ACM – Acontece muito de algum músico de uma banda que você resenhou lá nos primórdios aparecer numa banda de maior renome hoje. Mas, apesar de não ter sido eu quem resenhou, acho que a banda que mandou demo para a redação e realmente explodiu foi o Raimundos.

AC - Teve algumas dessas bandas de que você não gostou do material e hoje são destaques na cena?

ACM – Sinceramente não me lembro de nenhum caso assim, mas não me surpreenderia se acontecesse. Afinal, nem sempre o fato de alguém fazer sucesso significa que esse sujeito tem talento, não é mesmo?

AC - Com todos esses anos de experiência, como você vê atualmente a cena brasileira e mundial?

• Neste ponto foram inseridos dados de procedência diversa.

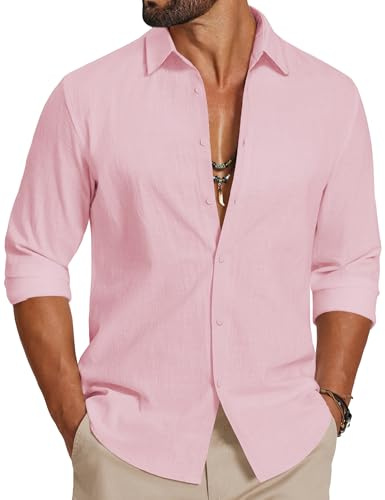 COOFANDY Camicia da Uomo a Maniche Lunghe in Cotone Camicia Casual Estiva Camicia da Spiaggia Leggera per Le Vacanze e i Matrimoni Rosa XL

ACM – Se sua pergunta se refere a algo de inovador na cena, poderia dizer que o momento é de estagnação. Por outro lado, você vê que, mesmo com as dificuldades atuais (aquilo que eu falei da mídia em relação à internet se aplica de forma ainda mais contundente em relação às bandas, por conta da troca de arquivos musicais pela internet), as bandas continuam tocando, lançando discos e movimentando a cena. Então, por esse aspecto, a coisa continua funcionando a todo vapor – o que é ótimo!

AC - Quais as bandas novas que você gosta de ouvir?

ACM – Cara, me apaixonei pelo Chickenfoot! Aquilo é rock'n'roll de verdade, feito por uns caras bons pra cacete e que parece que estão se divertindo a valer tocando aquelas músicas. É meu disco do ano, fácil!

AC - Na Roadie Crew vocês gostam de torturar seus entrevistados pedindo um top#5 de melhores álbuns. Eu não vou ser tão maldoso com você e vou pedir para você fazer um top#10.

ACM – Não deve ser difícil. Vamos lá:

1) Tattoo You – Rolling Stones
2) Sgt. Peppers Lonely Heart's Club Band – Beatles
3) Killer – Alice Cooper
4) Machine Head – Deep Purple
5) Volume II – Led Zeppelin
6) Volume I – Black Sabbath
7) Tommy – The Who
8) A Night At The Opera – Queen
9) New York Dolls – New York Dolls
10) Are you Experienced? – Jimi Hendrix

Pode ser que amanhã cedo eu queira mudar algum disco, mas hoje é isso!


AC - Por curiosidade, você toca algum instrumento? Já tocou ou toca em alguma banda?

ACM – Sim, eu maltrato uma Fender Strato em duas bandas: Jack Flash, que presta tributo aos Rolling Stones (www.jackflash-stones.com.br), e Big Bang, um quinteto de grandes amigos que se reúne pra tocar Classic Rock, jogar conversa fora e tomar muita cerveja!

AC - Muito obrigado pela entrevista, fica aberto aqui um espaço para suas considerações finais.

ACM – Eu que agradeço pela oportunidade e desejo a vocês do Amplificando todo o sucesso do mundo.